The hibiscus oil painting is finished. I refer to it in a singular way because, although it is on two separate panels (diptych) it is one image. This diptych format was a welcomed challenge, which I hope to do again soon.
As you can tell from the photos on my previous posts, I made several changes to the flowers and added features. Being a perfectionist, I worked at making the composition more interesting, and more three dimensional. In executing this painting, I used all of my knowledge regarding light and painting techniques, as well as learning more about using values and color temperature to create forms in space.
One of the things I tried to accomplish was to make this painting look realistic, yet remain painterly. I was not trying to get a photographic image. One of the worst “compliments” a painter can get – no matter how well intentioned – is “it looks just like a photograph”. A photograph tends to be flat and lifeless, albeit realistic. When painting in a realistic style, an artist tries to bring the image to life with skilled use of values and techniques that go beyond a photographic image. Some of the greatest paintings in history are realistic, but do not look like a photograph. Even Impressionist paintings are considered realistic, yet they are definitely not photographic.

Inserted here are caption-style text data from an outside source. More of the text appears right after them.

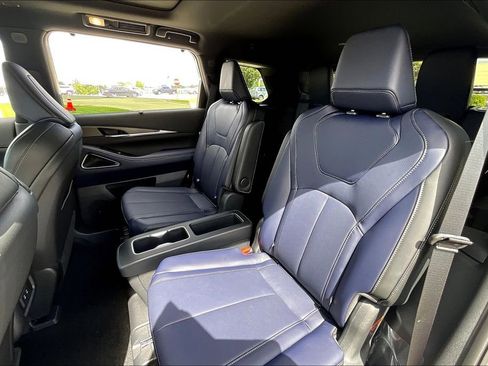 New 2026 INFINITI QX60 Sport w/ Dark Cargo Package image 10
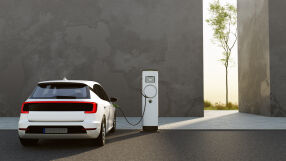 Tesla ще промени дръжките на вратите си след сигнали за заклещени пътници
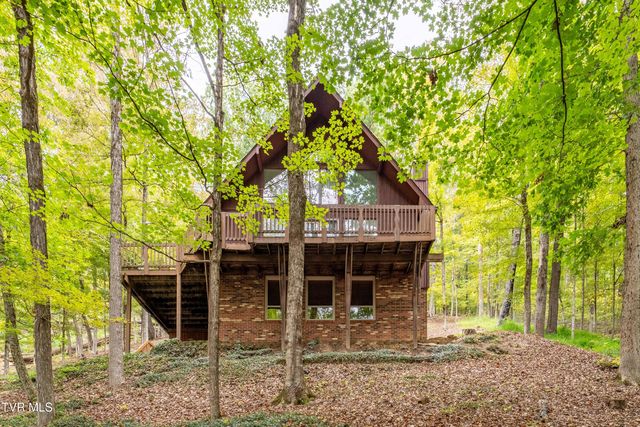 3616 Cimarron Drive, Johnson City, TN 37601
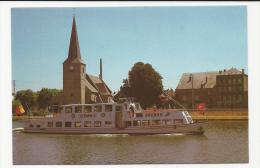 CP, 08, GIVET, Le Bateau Mouche Bayard Devant L'Eglise Notre Dame, Vierge - Givet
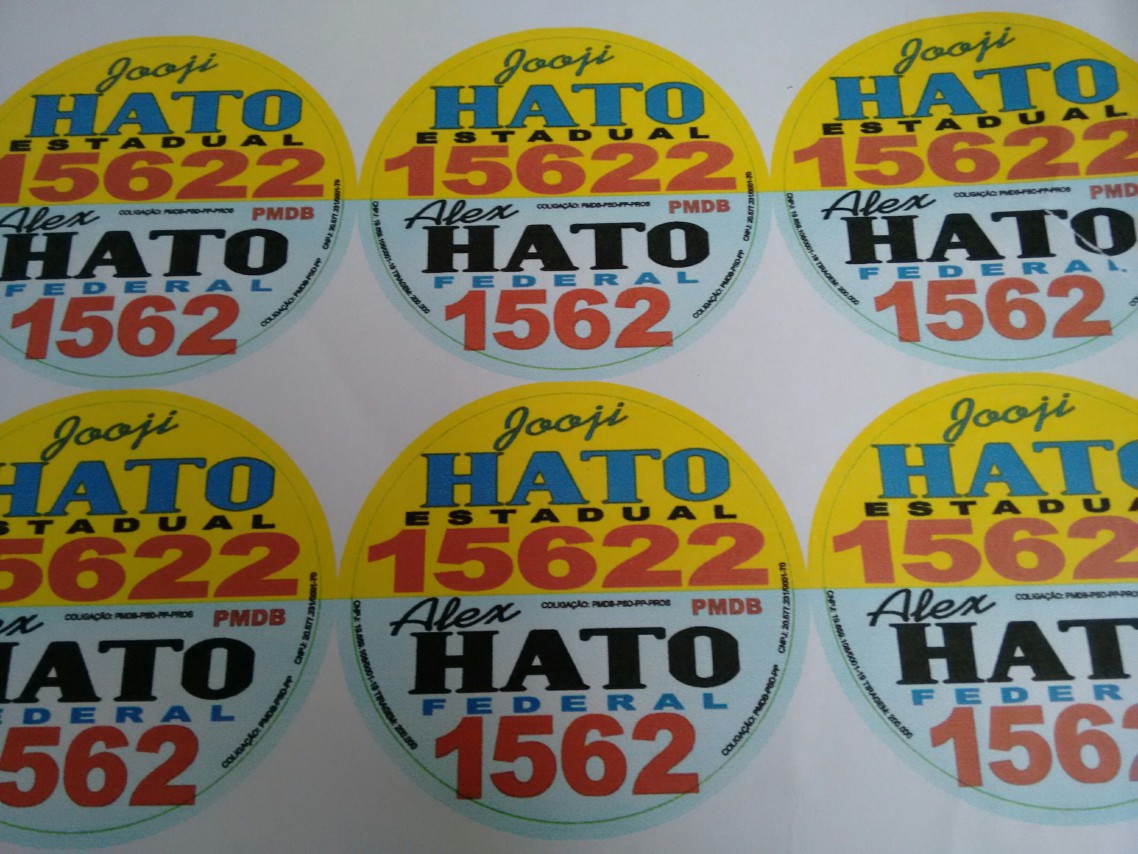 ADESIVO PROMOCIONAL PRAGUINHA POLÍTICA COM RECORTE
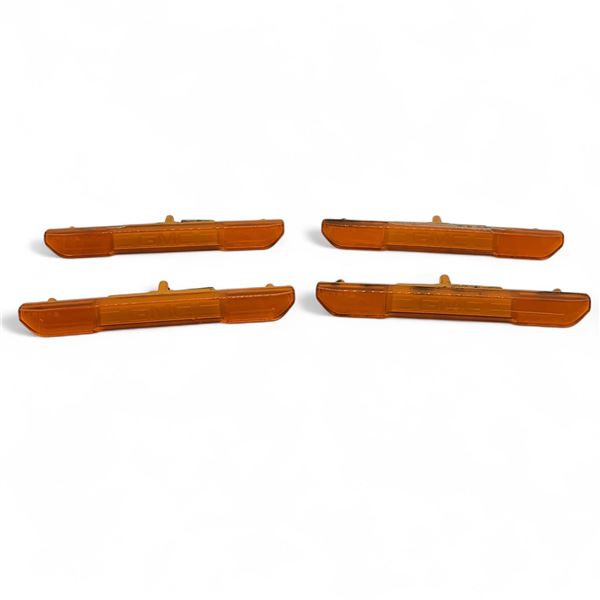 GMC Amber Marker Lights for 2023+ GMC Canyon and 2020+ GMC 2500/ 3500 X 4 Qty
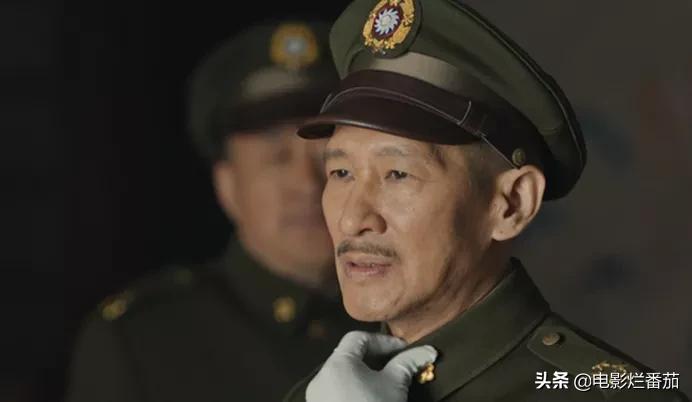 王劲松演蒋介石全身像,王劲松扮演蒋介石像吗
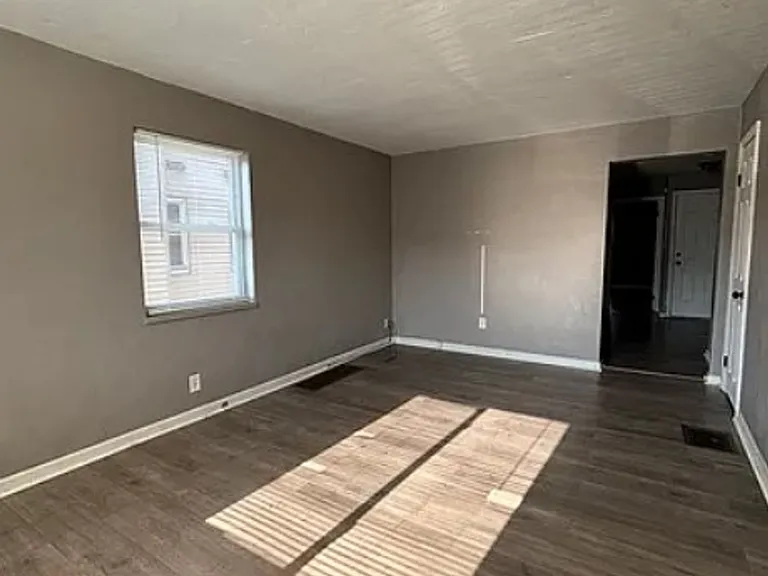 411 Ryburn Ave — Photo 2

A successful painting creates interest that draws the viewer in; as well as provide elements that a viewer can discover anew each time they look at the image. If you have ever stared at a painting and marveled at how the artist created the image, then you know what I mean about a successful painting. That is what I tried to accomplish with this large scale flower diptych. Ultimately, however, it is up to the viewer to decide if I have succeeded.